Recommended response: Conduct additional studies to demonstrate the long-term safety of the proposed dose, consistent with ICH E1 Guideline.

Cited: ICH E1 Guideline for the safety evaluation of drugs intended for the long-term treatment of non-life-threatening diseases

Inadequate strategy for QTc prolongation risk mitigation and inconsistent CYP2D6 phenotyping

Severity: major

The proposed strategy for reliably identifying patients at greatest risk of QTc prolongation is insufficient. The CYP2D6 phenotype assignments used are inconsistent with current standards, and the definition of IMs/PMs is not consistent with standard phenotype definitions, posing potential safety risks.

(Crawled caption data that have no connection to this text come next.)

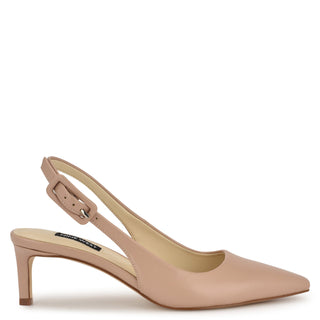 Zapatilla NINE WEST Wnyurri3  Sintetico Color Beige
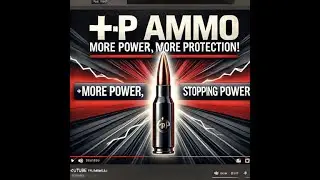 What is +P Ammo? The Power Behind Enhanced Ammunition 🔫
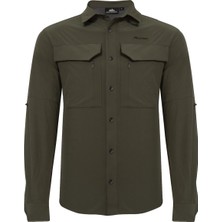 Alpinist Natriks Uzun Kollu Erkek Gömlek 600702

Development and contemporaneous authorization of an in vitro companion diagnostic device would likely be required.

Recommended response: Re-evaluate and refine the strategy for identifying patients at risk of QTc prolongation, align CYP2D6 phenotyping with standard definitions, and consider additional PK/safety characterization for specific CYP2D6 populations. Develop an in vitro companion diagnostic device.

Resubmission of proprietary name required

Severity: minor

The proposed proprietary name was found acceptable pending approval of the application in the current review cycle. It must be resubmitted when responding to the application deficiencies.

Recommended response: Resubmit the proposed proprietary name with the response to deficiencies.

Comprehensive safety update required with response

Severity: minor

A comprehensive safety update, including new data from all nonclinical and clinical studies/trials, retabulations, worldwide experience, and English translations of foreign labeling, is required as per 21 CFR 314.50(d)(5)(vi)(b) when responding to the deficiencies.

Recommended response: Prepare and submit a comprehensive safety update as specified in 21 CFR 314.50(d)(5)(vi)(b) with the response to deficiencies.

Cited: 21 CFR 314.50(d)(5)(vi)(b)

Regulatory context

Submission stage
final decision
Regulatory pathway
NDA

Impact

Impact score
0.75
Estimated delay
730 days
Estimated rework cost
$0
Subsequent action
resubmission

Strategic insights

The primary themes are insufficient clinical evidence for efficacy and clinical meaningfulness, inadequate long-term safety data, and an unaddressed risk mitigation strategy for QTc prolongation linked to pharmacogenomics, necessitating further pivotal studies and data generation.